Citation : « Si on considère le processus de faire de la musique orchestrale normale, qu’ils appellent classique, comme une espèce d’église orthodoxe, et si on a comme théorie que la composition est l’art d’organiser des événements sonores dans le temps – le processus de décorer le temps – on a un canevas sur lequel travailler. Puis si on étend ces limites à inclure des mots parlés, des effets sonores que les gens considéreraient comme non musicaux, et si on structure ces événements sonores avec des événements sonores joués par des violons, et ainsi de suite, puis qu’on fait une pièce de musique là-dessus, c’est un événement iconoclaste ».

LE REQUIN BARJOT N°85 - 21’35’’

Le tour que prend la production musicale de Frank Zappa autour de cette année 74-75, le son des albums et la féroce productivité de Bizarre productions est du à une qualité extra-musicale de Zappa : une aptitude à s’entourer de collaborateurs de plus en plus nombreux, quitte à être assez directif. Il y a aussi une raison supplémentaire et de taille : outre son manager Herb Cohen (qui soit dit en passant est en sursis sans qu’il ou que quiconque n’en sache rien en cette année 75), c’est son épouse, Gail, qui s’implique de plus en plus dans la gestion de la carrière de son moustachu. Il faut aussi souligner que Barry Keene est progressivement remplacé par Kerry Mc Nabb depuis quelques années au poste d’ingénieur du son maison, ainsi Frank Zappa a les mains libre pour d’autres entreprises.

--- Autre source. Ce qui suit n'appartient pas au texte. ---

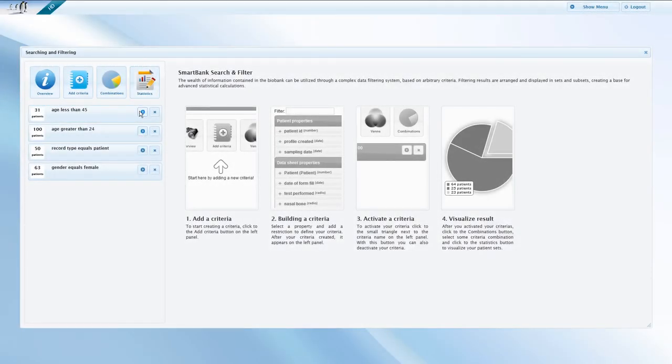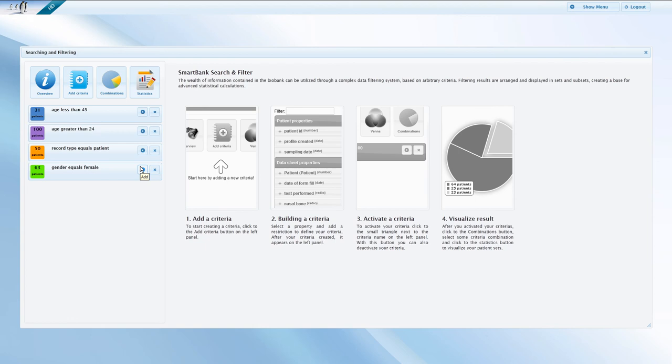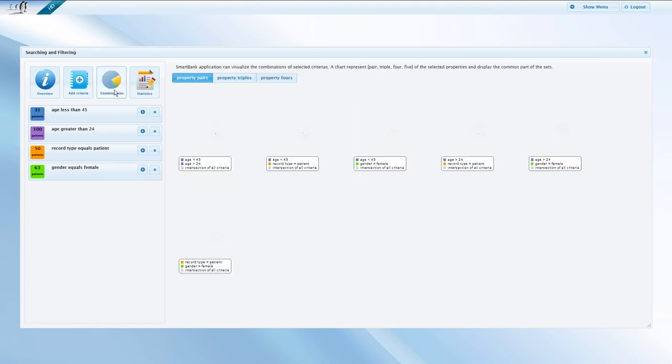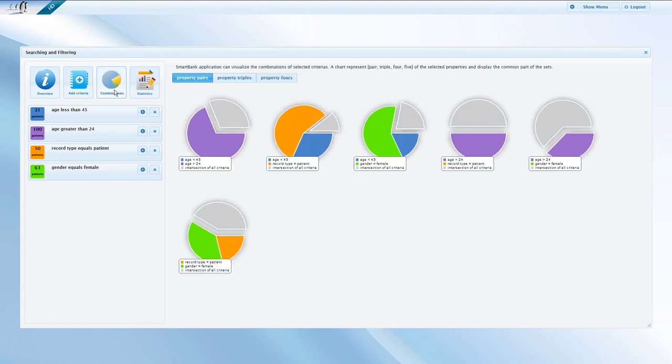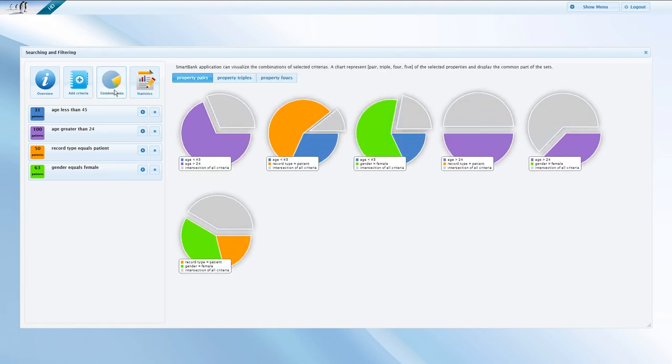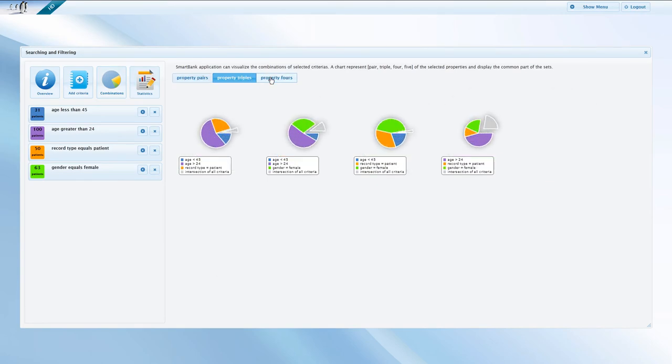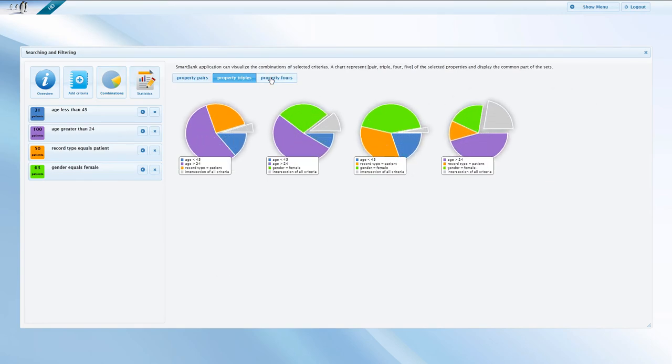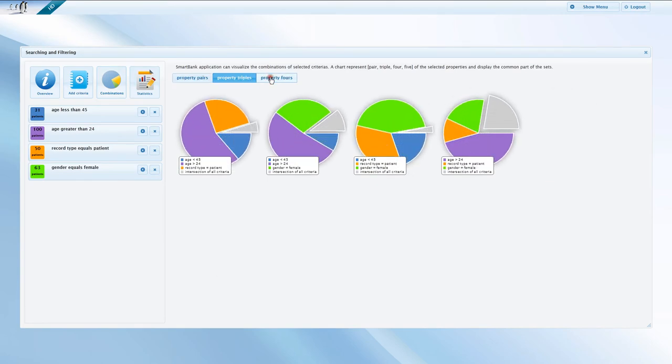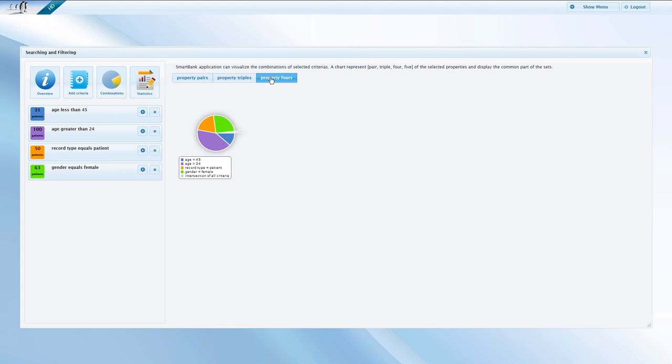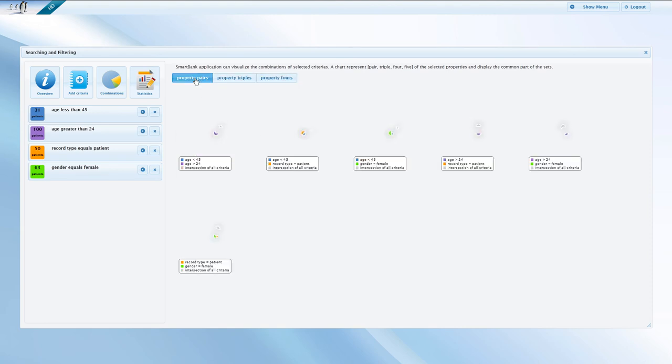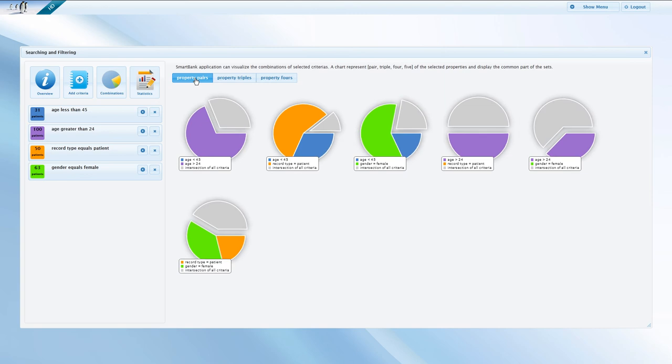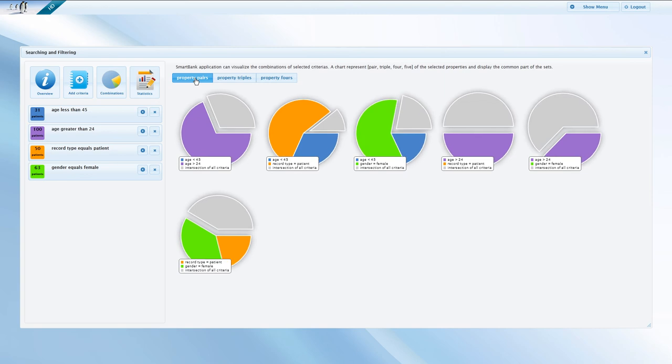The arrow button next to the cross allows you to create combinations of the different criteria. A certain color will be immediately assigned to each chosen criterion. After selecting the required criteria, click on the combinations icon to display the particular segments. The displayed pie charts show all possible combinations of the selected criteria. The meaning of the colored areas are the same. The only difference is the number of individual criteria displayed in the chart.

Entre les 20 et 21 mai (date de l’enregistrement de Bongo Fury), et la sortie de ce même Bongo Fury le 2 octobre, Frank Zappa écrit, arrange, répète et enregistre Orchestral Favorites, au Royce Hall de l’UCLA à Los Angeles, avec trente-sept musiciens. Cet album ne sortira qu’en 1979 pour de sombres histoire que nous verrons plus tard. Tout ceci, en plus de la sortie de One Size Fits All, notre album du moment dont nous ne pouvons passer sous silence ce gros sofa marron suspendu au sein de l’univers… que l’on voit sur la pochette. Un titre du répertoire de Frank Zappa depuis au moins 5 ans, mais dont je vous ai réservé l’écoute. Il apparaît en deux courtes parties sur notre album : l’une instrumentale et l’autre non. Le texte paraît assez étrange :

Je suis le ciel
Je suis l’eau
J’suis la sal’té en d’sous d’tes rollers
Je suis ton vice secret & tes pièces de monnaie perdues
Dans tes fentes
Je suis tes écorchures & et tes entailles
Je suis les nuages
Je suis brodé
Je suis l’auteur de tous ourlets & damassures
Je suis la dînette chromée 2x
Je suis les œufs de toute persuasion
Je suis tous les jours & les nuits
Je suis là
Et tu es mon sofa
Je suis là
Et tu es mon sofa
Je suis là
Et tu es mon sofa

Il s’agit en fait de la version Zappa de la création de l’univers, comme en témoigne cette introduction donnée dès 1970, sur scène. Nous écouterons dans la foulée les enregistrements de 1975, mais c’est plus explicite, et puis… nous sommes à Londres le 10 décembre 1971, lors de ce fameux concert de la désastreuse tournée hivernale qui inspirera aux Deep Purple ‘Smoke on the water’ pour l’incendie de Montreux, puis qui vaudra à Frank Zappa sa voix d’une tierce plus bas et les quelques fractures que lui inflige le fan-fou Trevor Charles Howell, à la fin du concert.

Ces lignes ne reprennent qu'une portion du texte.